DATASET EXCERPTS Start Marker

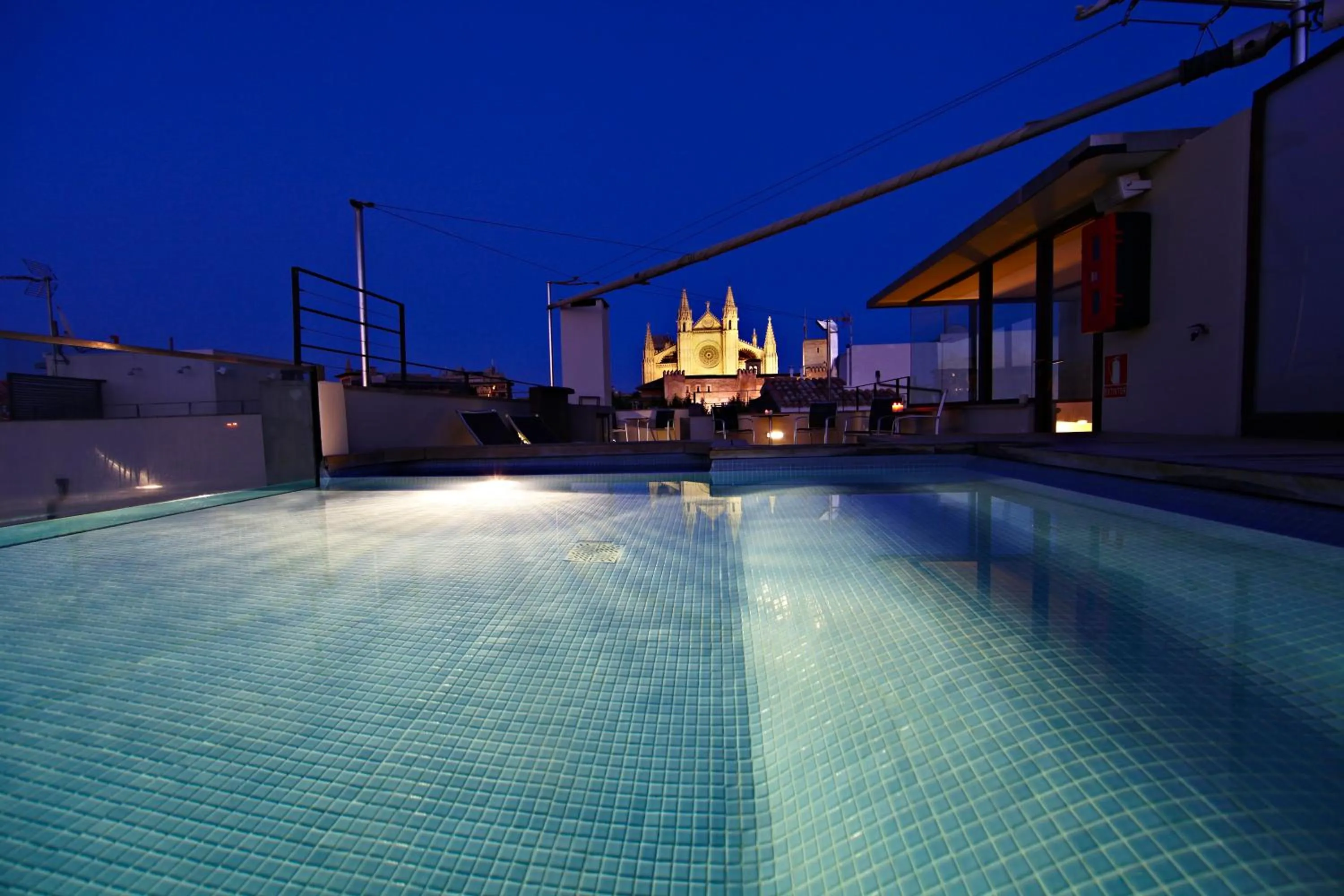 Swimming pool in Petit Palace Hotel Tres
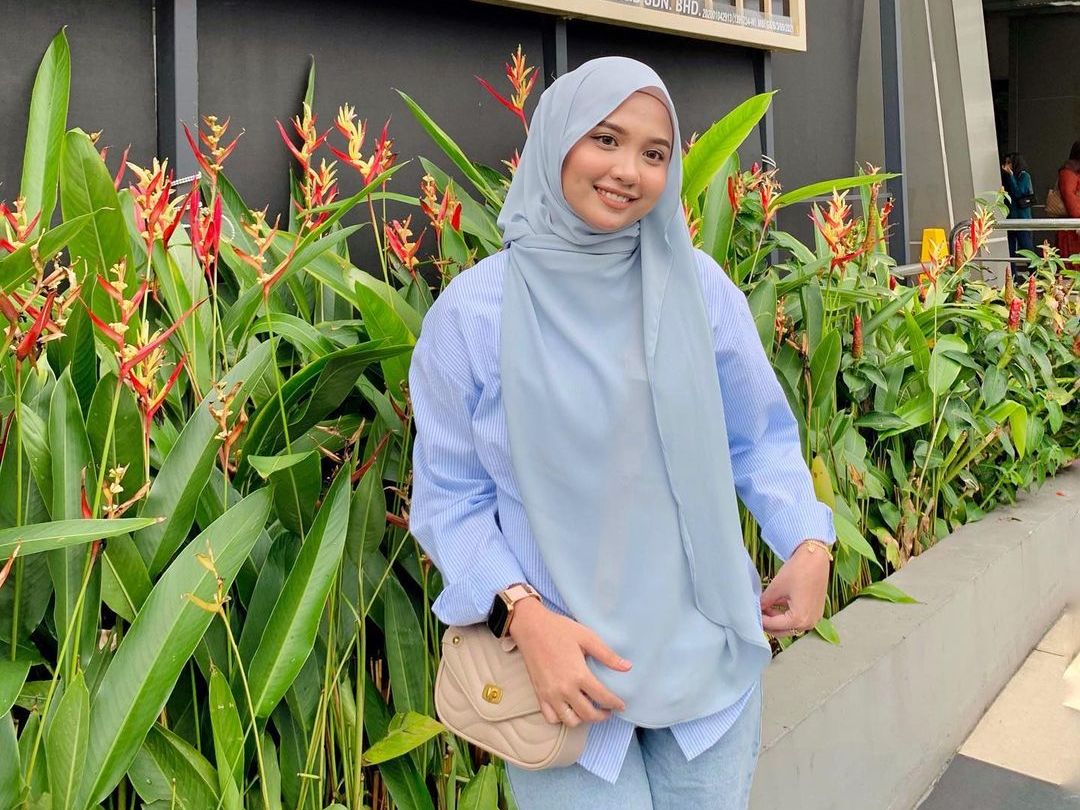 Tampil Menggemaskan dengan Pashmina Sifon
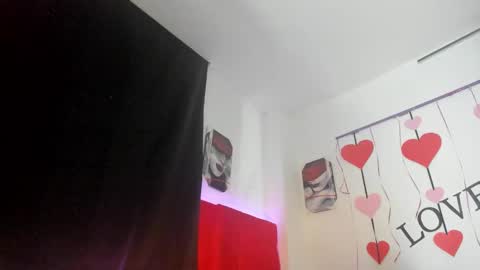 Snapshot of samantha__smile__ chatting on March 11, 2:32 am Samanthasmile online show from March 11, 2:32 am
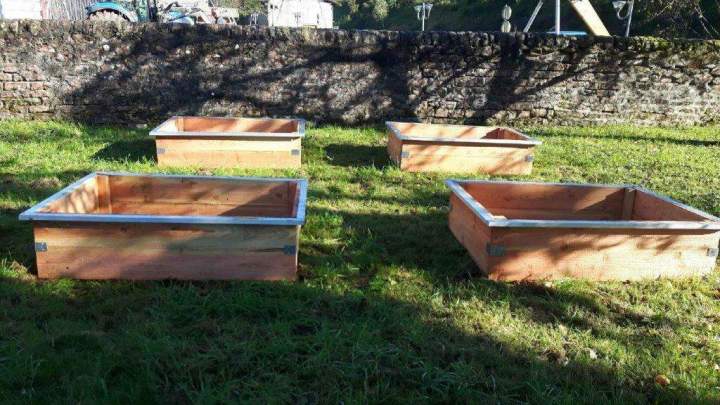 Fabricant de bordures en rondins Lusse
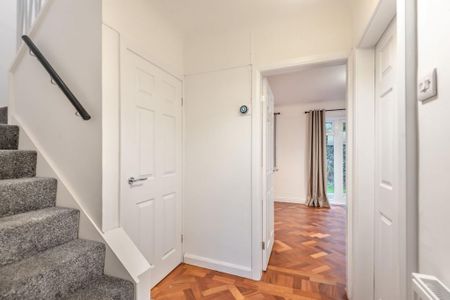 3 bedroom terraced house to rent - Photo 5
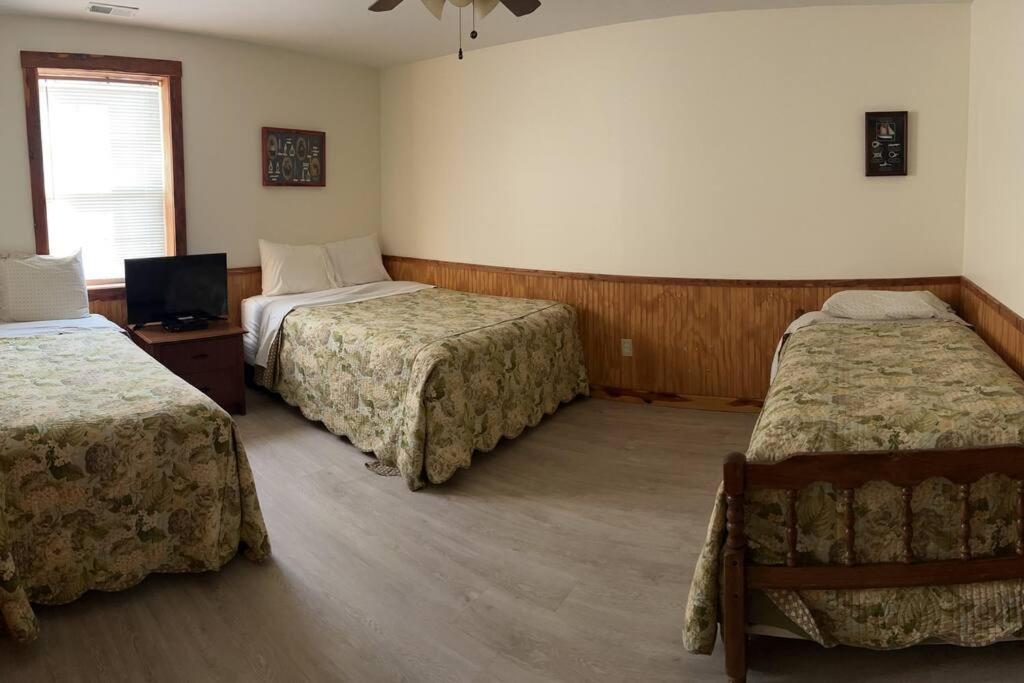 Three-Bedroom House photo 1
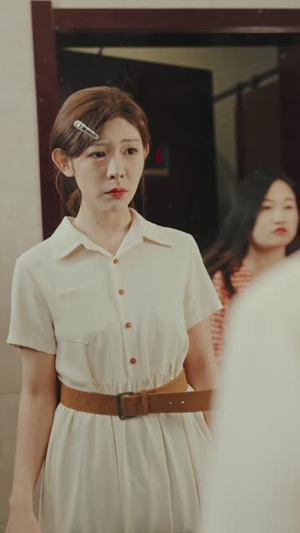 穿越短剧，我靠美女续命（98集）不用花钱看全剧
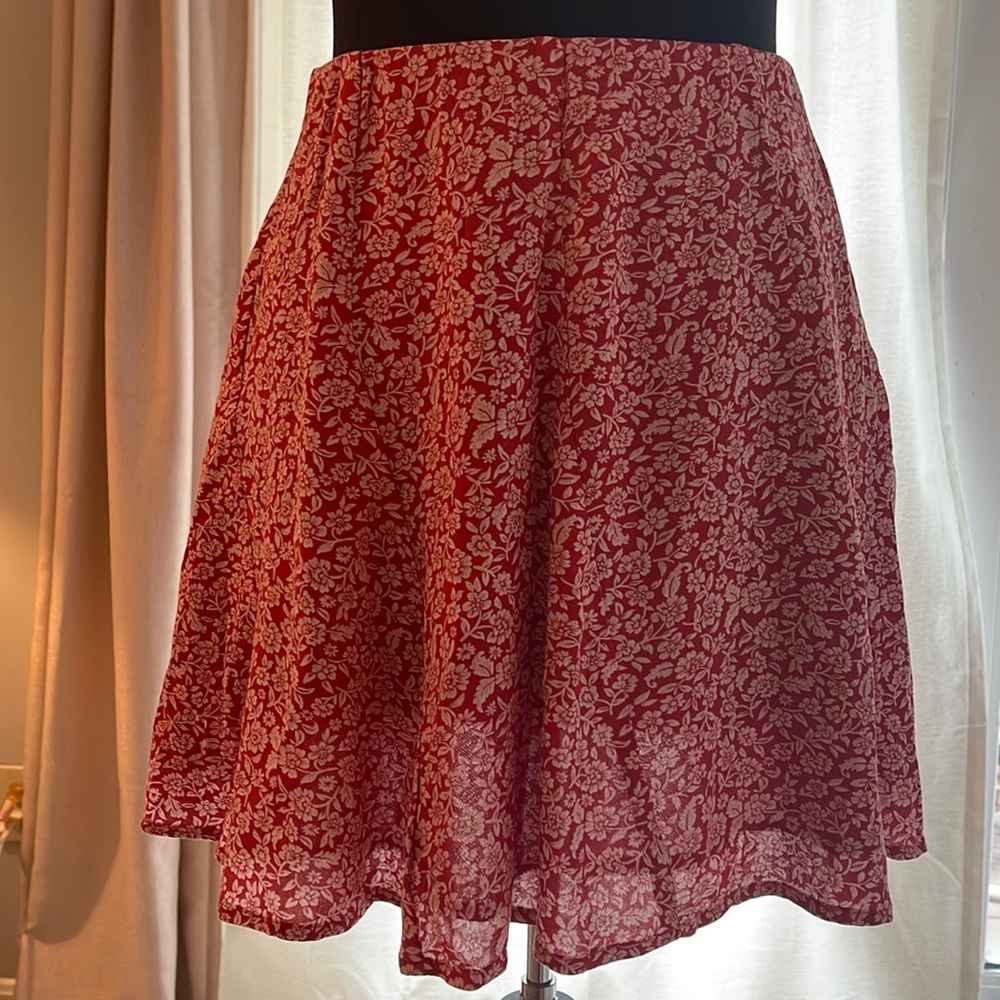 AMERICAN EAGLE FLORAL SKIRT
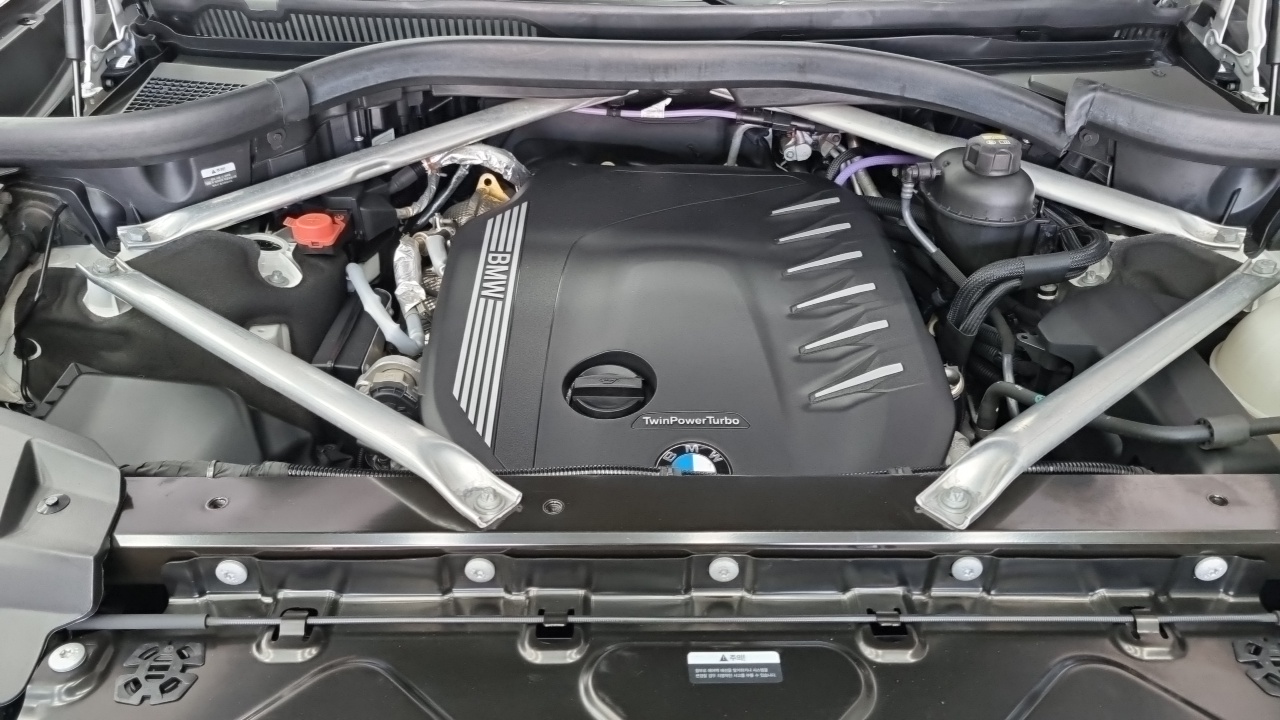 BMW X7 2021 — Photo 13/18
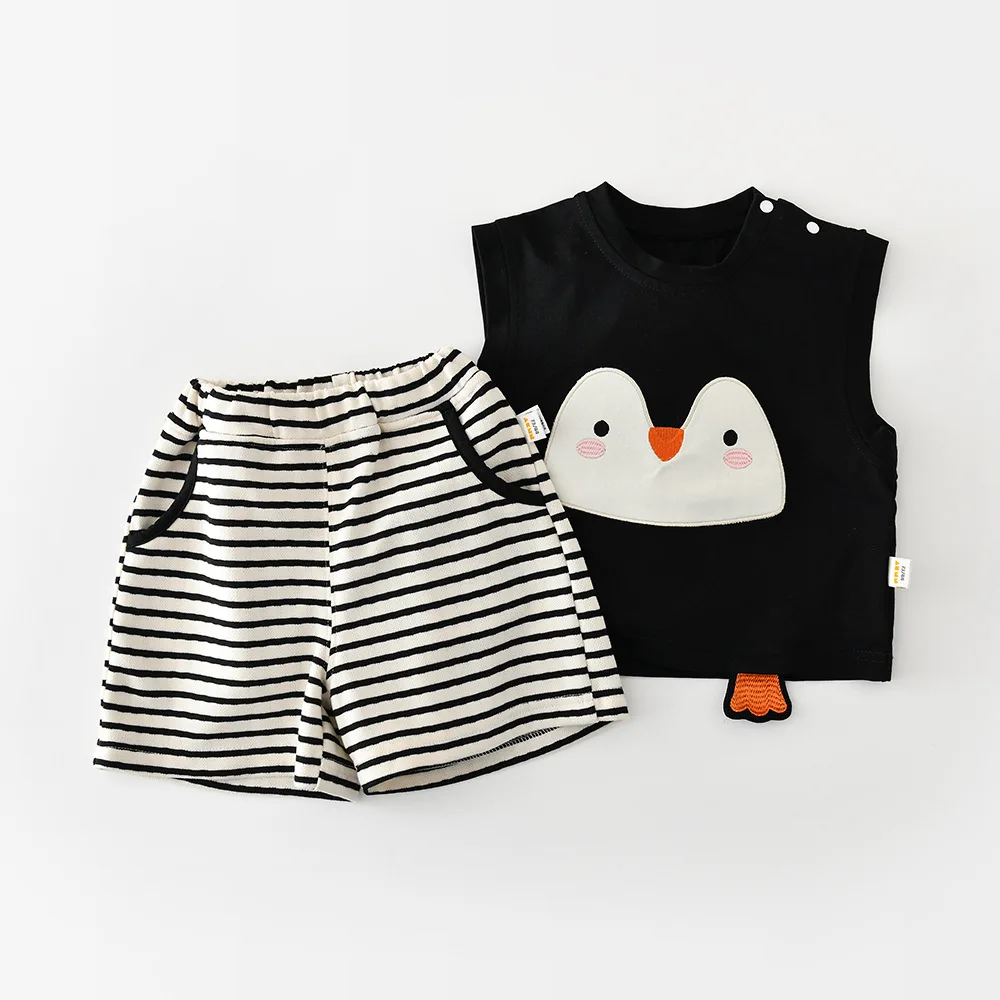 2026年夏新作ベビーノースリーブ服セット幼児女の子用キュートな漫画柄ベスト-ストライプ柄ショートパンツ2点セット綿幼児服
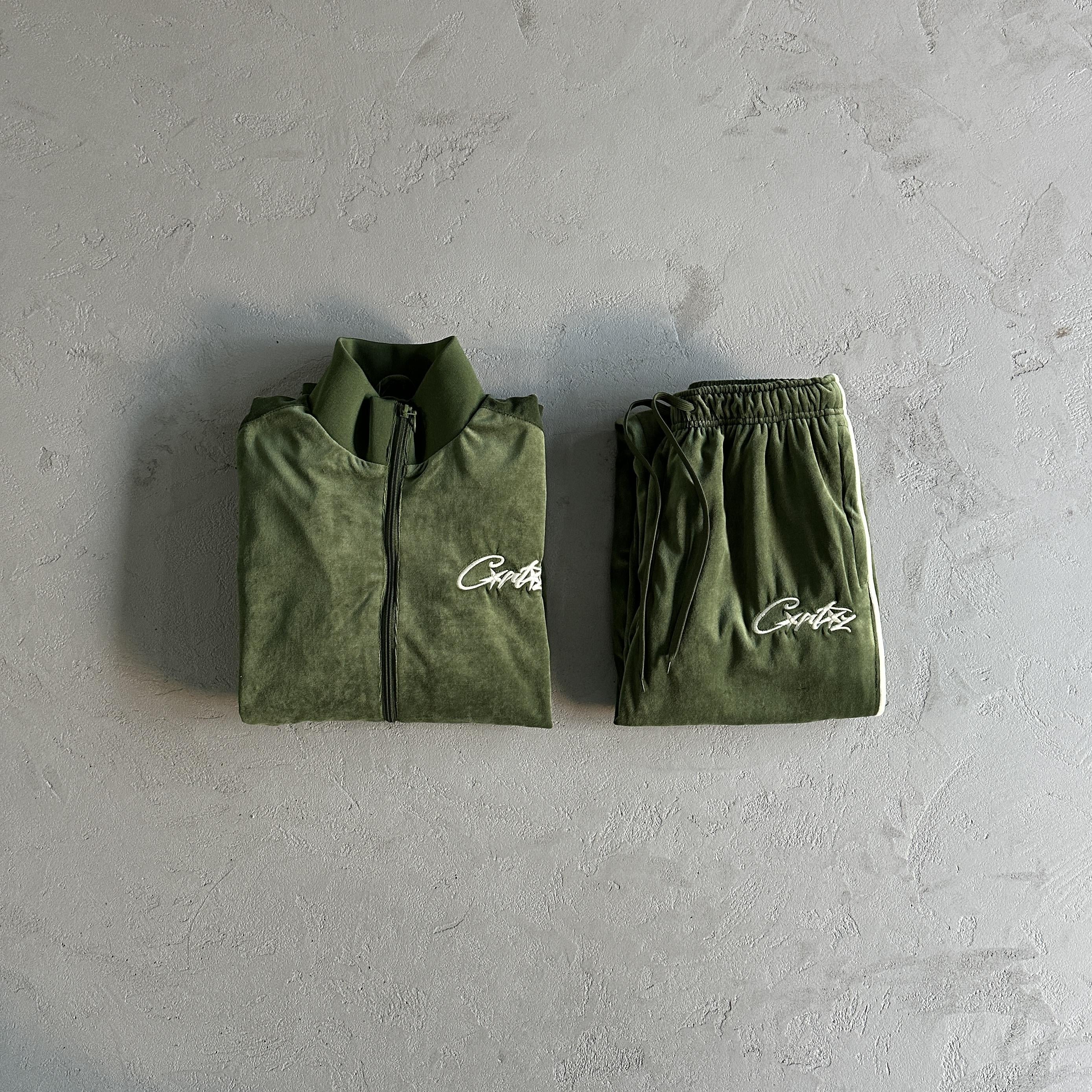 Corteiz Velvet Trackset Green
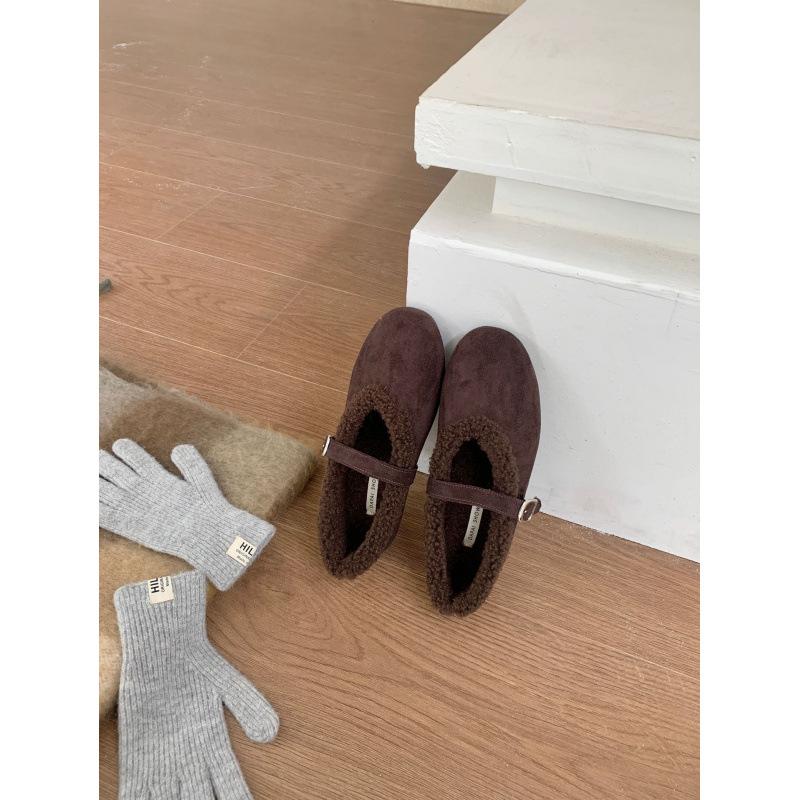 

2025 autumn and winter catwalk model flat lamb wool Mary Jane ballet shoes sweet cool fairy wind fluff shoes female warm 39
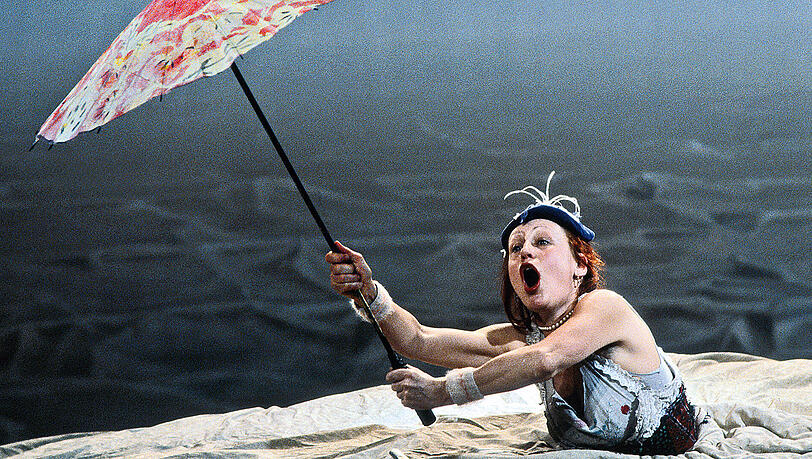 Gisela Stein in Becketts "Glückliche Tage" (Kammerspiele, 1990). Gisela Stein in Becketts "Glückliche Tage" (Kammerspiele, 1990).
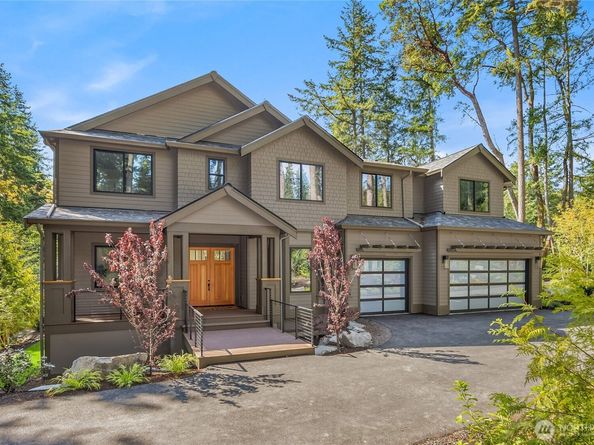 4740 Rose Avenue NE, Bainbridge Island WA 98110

DATASET EXCERPTS End Marker

_ACTIVITY_
An exact reproduction of the data is needed, with no pictures included.

_TASK RESPONSE_
 Swimming pool in Petit Palace Hotel Tres
 Tampil Menggemaskan dengan Pashmina Sifon
 Snapshot of samantha__smile__ chatting on March 11, 2:32 am Samanthasmile online show from March 11, 2:32 am
 Fabricant de bordures en rondins Lusse
 3 bedroom terraced house to rent - Photo 5
 Three-Bedroom House photo 1
 穿越短剧，我靠美女续命（98集）不用花钱看全剧
 AMERICAN EAGLE FLORAL SKIRT
 BMW X7 2021 — Photo 13/18
 2026年夏新作ベビーノースリーブ服セット幼児女の子用キュートな漫画柄ベスト-ストライプ柄ショートパンツ2点セット綿幼児服
 Corteiz Velvet Trackset Green

2025 autumn and winter catwalk model flat lamb wool Mary Jane ballet shoes sweet cool fairy wind fluff shoes female warm 39
 Gisela Stein in Becketts "Glückliche Tage" (Kammerspiele, 1990). Gisela Stein in Becketts "Glückliche Tage" (Kammerspiele, 1990).
 4740 Rose Avenue NE, Bainbridge Island WA 98110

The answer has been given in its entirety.